GIVEN RECORDS below:

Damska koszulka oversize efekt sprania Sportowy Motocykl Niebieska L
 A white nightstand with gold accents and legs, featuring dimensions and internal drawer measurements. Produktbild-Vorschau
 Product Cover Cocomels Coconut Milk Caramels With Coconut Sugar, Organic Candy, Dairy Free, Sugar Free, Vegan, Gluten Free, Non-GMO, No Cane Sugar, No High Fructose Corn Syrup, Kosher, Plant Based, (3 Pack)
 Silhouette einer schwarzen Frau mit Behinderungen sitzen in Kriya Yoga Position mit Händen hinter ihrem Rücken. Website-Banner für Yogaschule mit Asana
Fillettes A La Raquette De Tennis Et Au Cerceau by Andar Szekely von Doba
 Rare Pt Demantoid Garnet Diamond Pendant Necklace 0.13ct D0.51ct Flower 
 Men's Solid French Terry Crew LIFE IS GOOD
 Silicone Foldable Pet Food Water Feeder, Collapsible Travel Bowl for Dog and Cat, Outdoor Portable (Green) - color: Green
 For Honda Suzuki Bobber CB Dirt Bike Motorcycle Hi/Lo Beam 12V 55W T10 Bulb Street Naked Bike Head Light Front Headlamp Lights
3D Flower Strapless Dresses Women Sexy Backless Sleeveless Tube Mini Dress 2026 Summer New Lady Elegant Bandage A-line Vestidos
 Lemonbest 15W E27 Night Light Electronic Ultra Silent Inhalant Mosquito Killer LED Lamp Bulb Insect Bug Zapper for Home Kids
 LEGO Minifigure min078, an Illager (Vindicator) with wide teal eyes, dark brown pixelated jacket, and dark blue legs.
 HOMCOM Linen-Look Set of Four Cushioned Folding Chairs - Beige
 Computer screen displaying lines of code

End of GIVEN RECORDS.

■ **TASK TO CARRY OUT**
Above are the records; retype them all without a single difference.

■ **PROBLEM SOLUTION**
Damska koszulka oversize efekt sprania Sportowy Motocykl Niebieska L
 A white nightstand with gold accents and legs, featuring dimensions and internal drawer measurements. Produktbild-Vorschau
 Product Cover Cocomels Coconut Milk Caramels With Coconut Sugar, Organic Candy, Dairy Free, Sugar Free, Vegan, Gluten Free, Non-GMO, No Cane Sugar, No High Fructose Corn Syrup, Kosher, Plant Based, (3 Pack)
 Silhouette einer schwarzen Frau mit Behinderungen sitzen in Kriya Yoga Position mit Händen hinter ihrem Rücken. Website-Banner für Yogaschule mit Asana
Fillettes A La Raquette De Tennis Et Au Cerceau by Andar Szekely von Doba
 Rare Pt Demantoid Garnet Diamond Pendant Necklace 0.13ct D0.51ct Flower 
 Men's Solid French Terry Crew LIFE IS GOOD
 Silicone Foldable Pet Food Water Feeder, Collapsible Travel Bowl for Dog and Cat, Outdoor Portable (Green) - color: Green
 For Honda Suzuki Bobber CB Dirt Bike Motorcycle Hi/Lo Beam 12V 55W T10 Bulb Street Naked Bike Head Light Front Headlamp Lights
3D Flower Strapless Dresses Women Sexy Backless Sleeveless Tube Mini Dress 2026 Summer New Lady Elegant Bandage A-line Vestidos
 Lemonbest 15W E27 Night Light Electronic Ultra Silent Inhalant Mosquito Killer LED Lamp Bulb Insect Bug Zapper for Home Kids
 LEGO Minifigure min078, an Illager (Vindicator) with wide teal eyes, dark brown pixelated jacket, and dark blue legs.
 HOMCOM Linen-Look Set of Four Cushioned Folding Chairs - Beige
 Computer screen displaying lines of code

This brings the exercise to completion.